Las investigaciones periodísticas que han dado a luz los entretelones del asesinato vienen a llenar el vacío que dejó el Estado, al no cumplir con la obligación de satisfacer el derecho a la verdad, pues el conocimiento público de quiénes fueron los perpetradores y sus móviles políticos no fueron el resultado de un proceso judicial, un juicio por la verdad, o de la investigación de una comisión, sino el trabajo de almas inquietas por conocer la verdad. Sólo falta que los agentes del Estado decidan romper con la impunidad que gozan los terroristas y consagren el derecho a la justicia que asiste a las víctimas del terrorismo.
Así las cosas, para que pueda actuar la Justicia, el crimen de Rucci debe ser categorizado como crimen de lesa humanidad, dado que este tipo de delitos no prescriben con el paso del tiempo.
A pesar de lo dicho, la Corte Suprema, mediante la aplicación caprichosa de las normas internacionales, ha afirmado que los delitos de lesa humanidad sólo son cometidos por los agentes del Estado; creando con la violación de la ley positiva por parte de la Justicia, una discriminación en perjuicio de las víctimas del terrorismo, que no pueden acceder al goce de sus derechos humanos.

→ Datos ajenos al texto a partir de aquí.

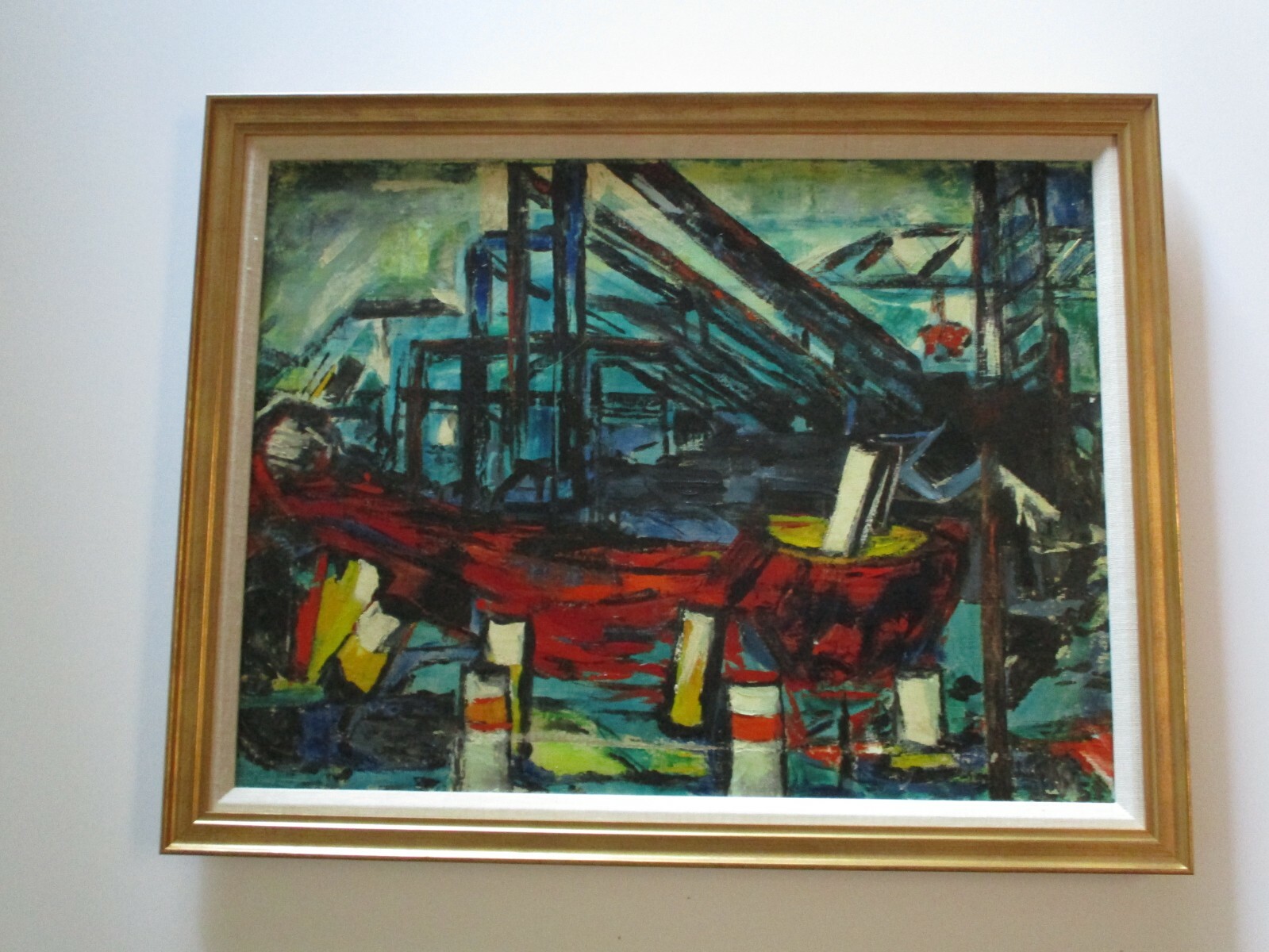 MID CENTURY PAINTING 1950’S SIGNED MYSTERY INDUSTRIAL HARBOR MARINA NAUTICAL OIL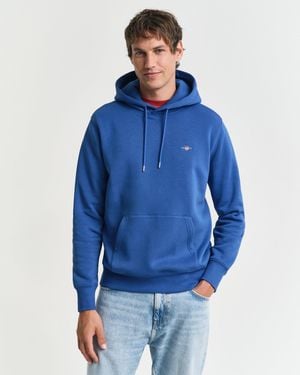 GANT Regular Fit Shield Logo Pullover Hoodie - Blue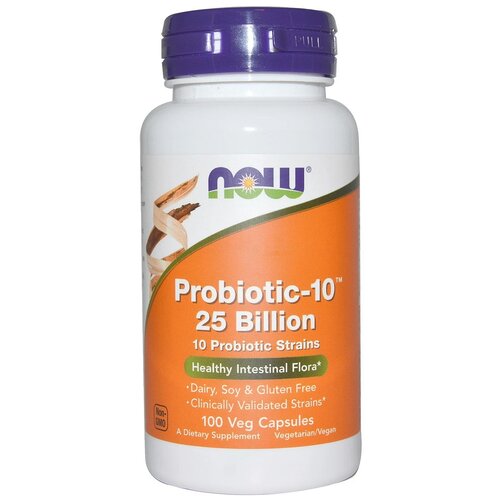 Капсулы NOW Probiotic-10 25 Billion, 350 г, 100 шт. фотография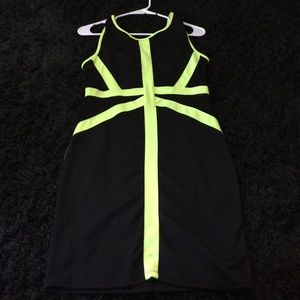Black and neon green club dress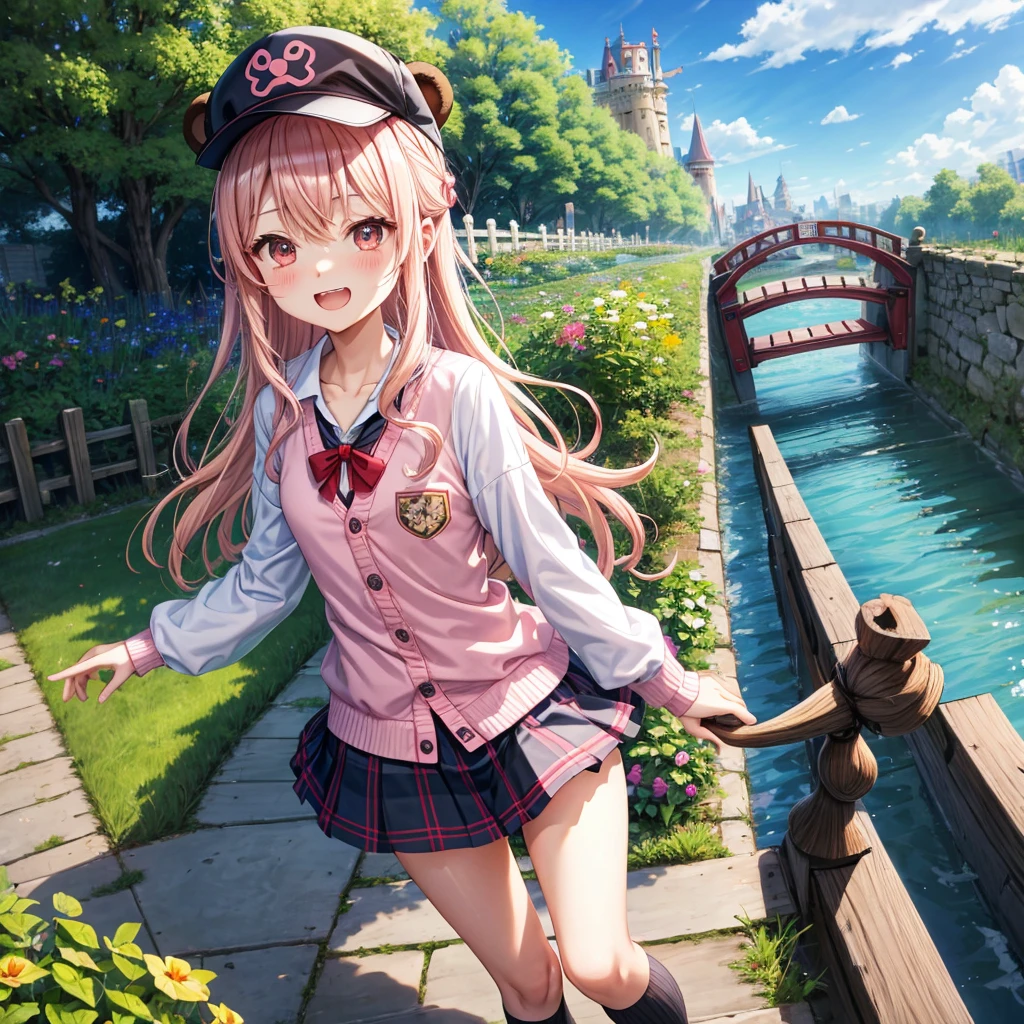 Pink Blonde、Red eyes、Wavy Hair、Hair tied up、Two cute、Checked mini skirt、black t-shirts、cardigan、Knee-high socks、bear ears baseball cap、Teeth are visible、Monster Castle、Tilting face、crossing the bridge、hazakura、windmill、grass、Stones are growing out of the ground.、A teddy bear is walking、Morning glory is blooming.、In front of the city gates、clock、Underground tunnels、Waterway、Small boat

Es evidente que el ataque sufrido por Rucci fue parte de un plan sistemático de aniquilación dirigido contra la población civil: gremialistas y empresarios, entre otros. Todos grupos susceptibles de diferenciación, miembros de la población protegida, que fueron aterrorizados por la persecución que impusieron las organizaciones armadas.
La interpretación restrictiva de la Corte no hace otra cosa que consolidar la impunidad de los terroristas.
Las víctimas del terrorismo, además de haber sufrido la acción de los perpetradores, padecen la violación de sus derechos humanos por parte de las actuales autoridades y se ven nuevamente victimizadas al compartir sus vidas cotidianas con los asesinos de sus familiares aún impunes, y responsables de crímenes atroces. En muchos casos, viendo a los terroristas en cargos públicos, el sólo hecho de haber participado de las organizaciones terroristas debería inhabilitarlos de manera permanente para ocupar cargos de gobierno, pues la obligación primera de todo gobierno es proteger a la población civil.
Tal vez el asesinato de Rucci se transforme en un caso emblemático para lograr que todas las víctimas accedan a sus derechos humanos.
La autora es presidenta del Centro de Estudios Legales sobre el Terrorismo y sus Víctimas.